■ **TASK STATEMENT**
Drop the pictures; give again exactly the lines from the one holding "Dodge Viper SRT10: model" through the end of the data.

■ **DATASET ENTRIES**

BEGIN

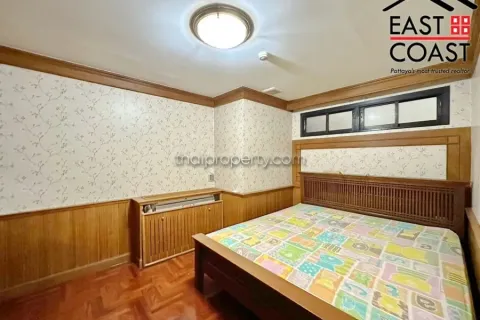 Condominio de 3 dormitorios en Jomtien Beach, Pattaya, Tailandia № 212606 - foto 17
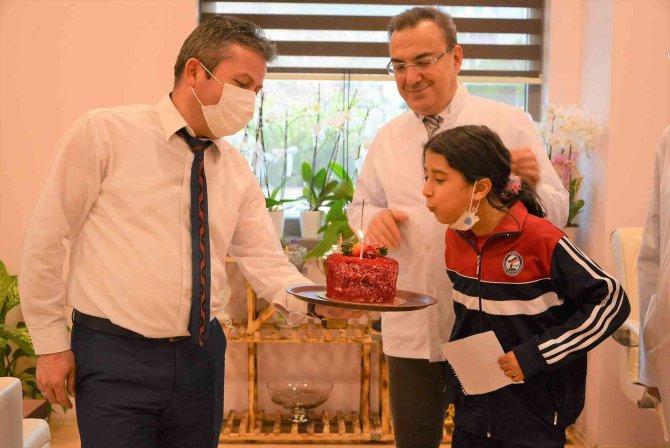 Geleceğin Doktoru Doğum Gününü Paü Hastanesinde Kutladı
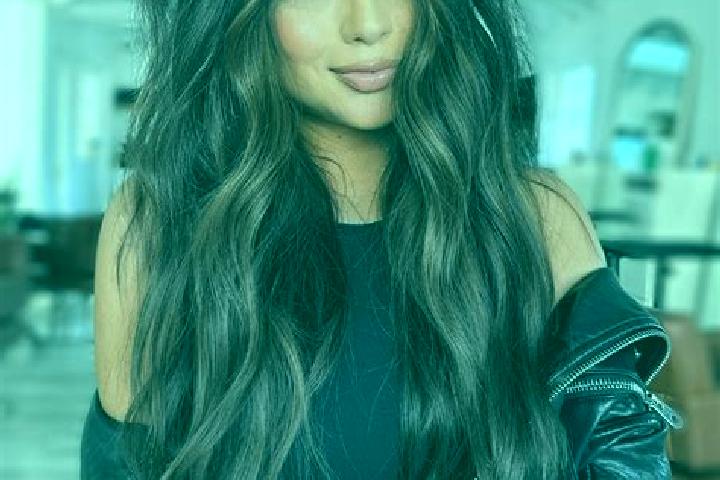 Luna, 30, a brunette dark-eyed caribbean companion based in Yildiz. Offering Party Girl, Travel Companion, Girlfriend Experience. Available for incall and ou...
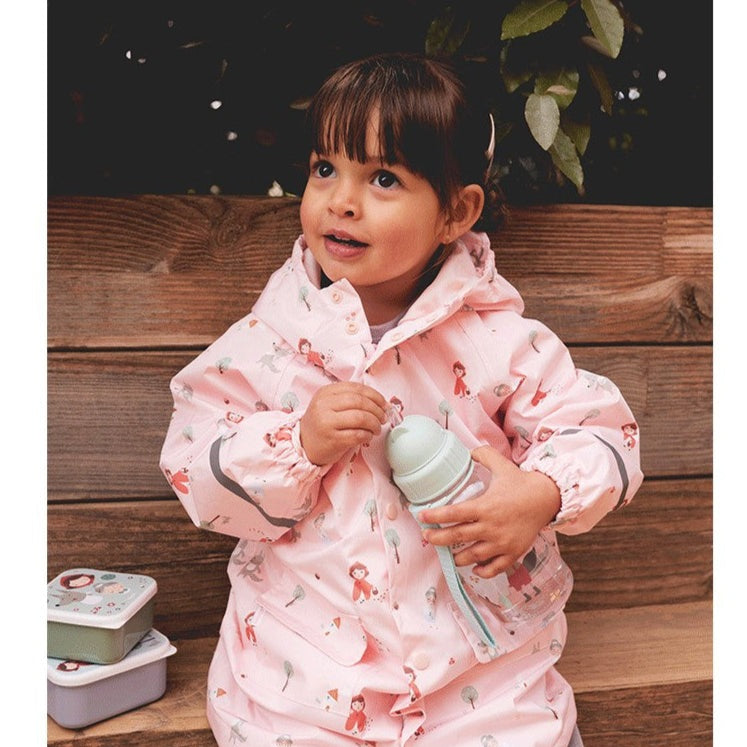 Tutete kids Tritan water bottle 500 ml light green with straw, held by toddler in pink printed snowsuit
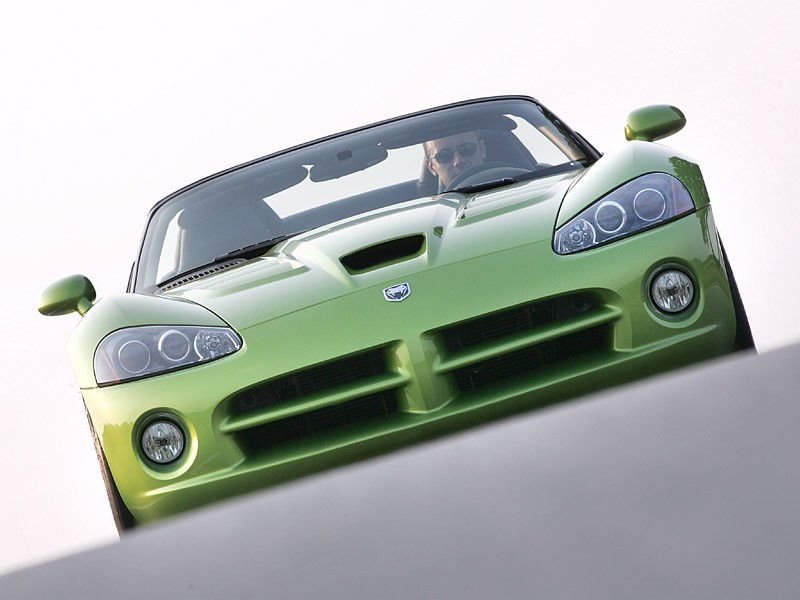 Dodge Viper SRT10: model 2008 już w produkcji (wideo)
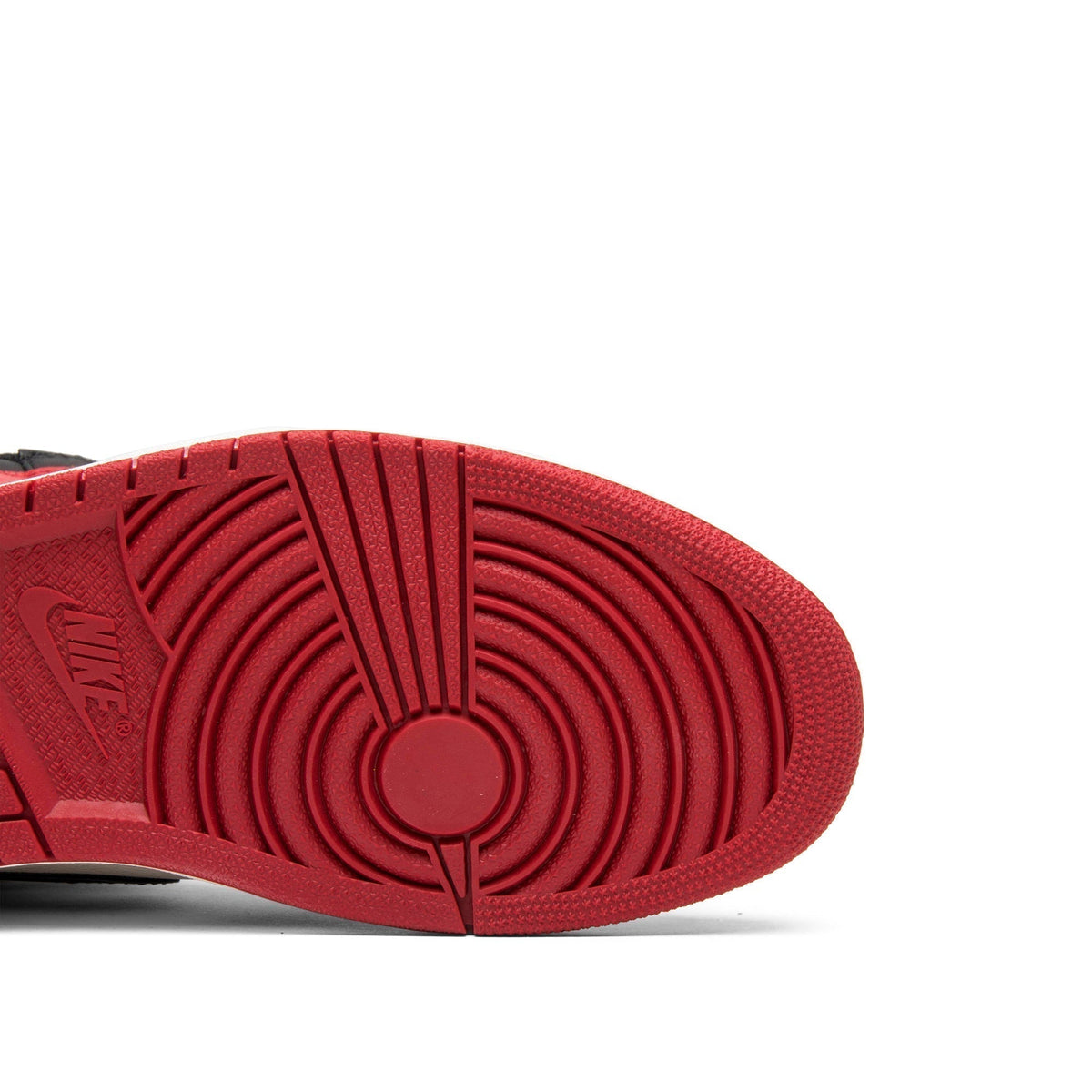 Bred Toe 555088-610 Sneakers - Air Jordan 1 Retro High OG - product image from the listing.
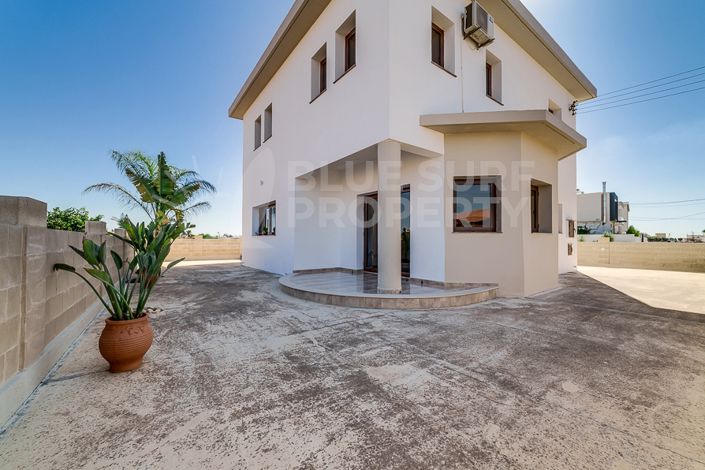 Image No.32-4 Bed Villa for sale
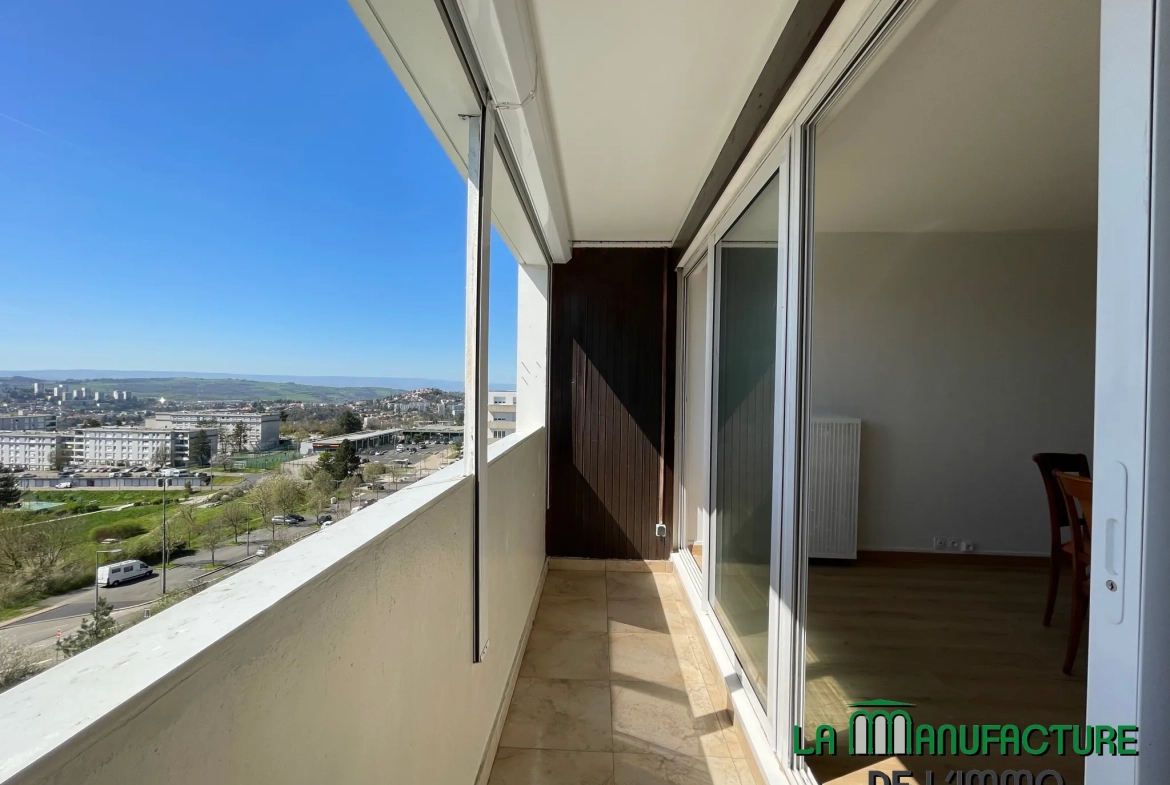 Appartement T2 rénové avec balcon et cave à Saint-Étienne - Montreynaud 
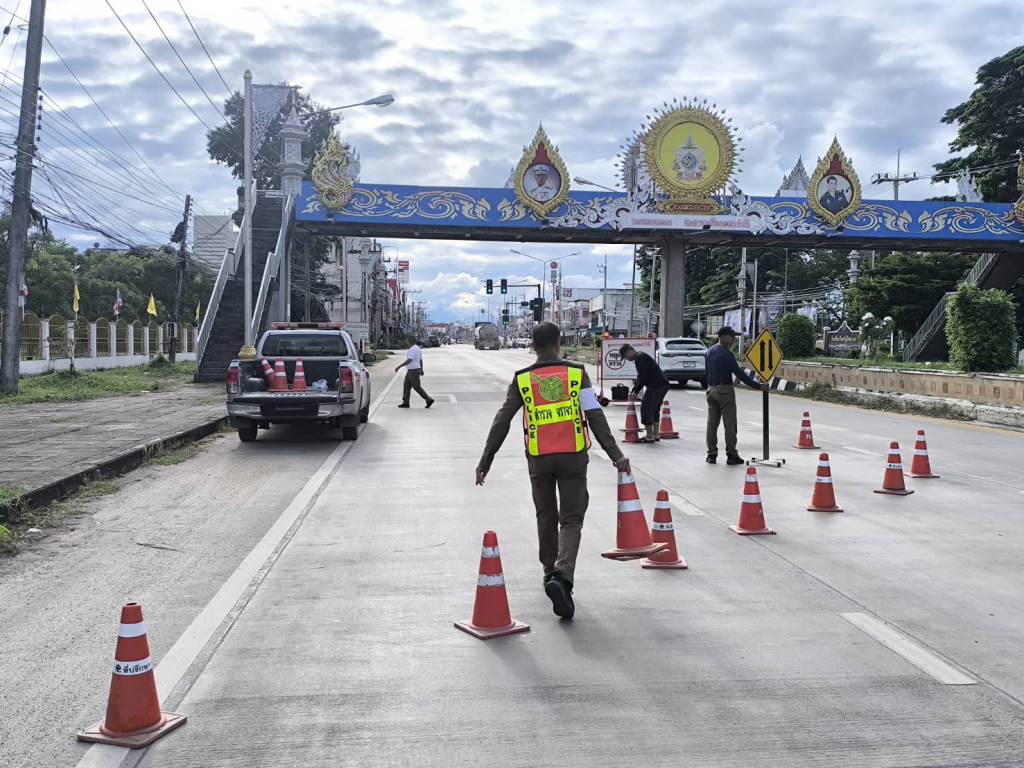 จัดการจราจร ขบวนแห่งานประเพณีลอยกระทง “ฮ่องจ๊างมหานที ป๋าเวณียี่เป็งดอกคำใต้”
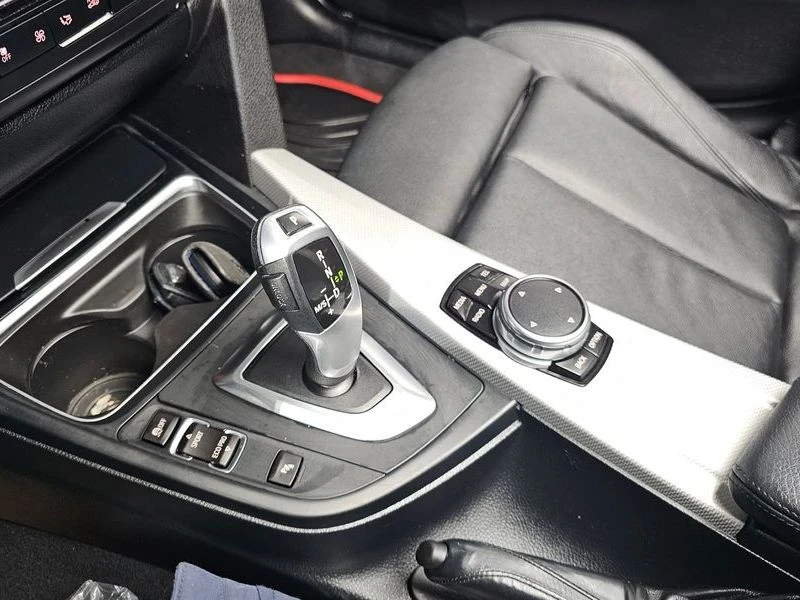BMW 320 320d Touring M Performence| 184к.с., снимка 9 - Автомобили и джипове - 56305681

END

■ **EXPECTED ANSWER**
 Dodge Viper SRT10: model 2008 już w produkcji (wideo)
 Bred Toe 555088-610 Sneakers - Air Jordan 1 Retro High OG - product image from the listing.
 Image No.32-4 Bed Villa for sale
 Appartement T2 rénové avec balcon et cave à Saint-Étienne - Montreynaud 
 จัดการจราจร ขบวนแห่งานประเพณีลอยกระทง “ฮ่องจ๊างมหานที ป๋าเวณียี่เป็งดอกคำใต้”
BMW 320 320d Touring M Performence| 184к.с., снимка 9 - Автомобили и джипове - 56305681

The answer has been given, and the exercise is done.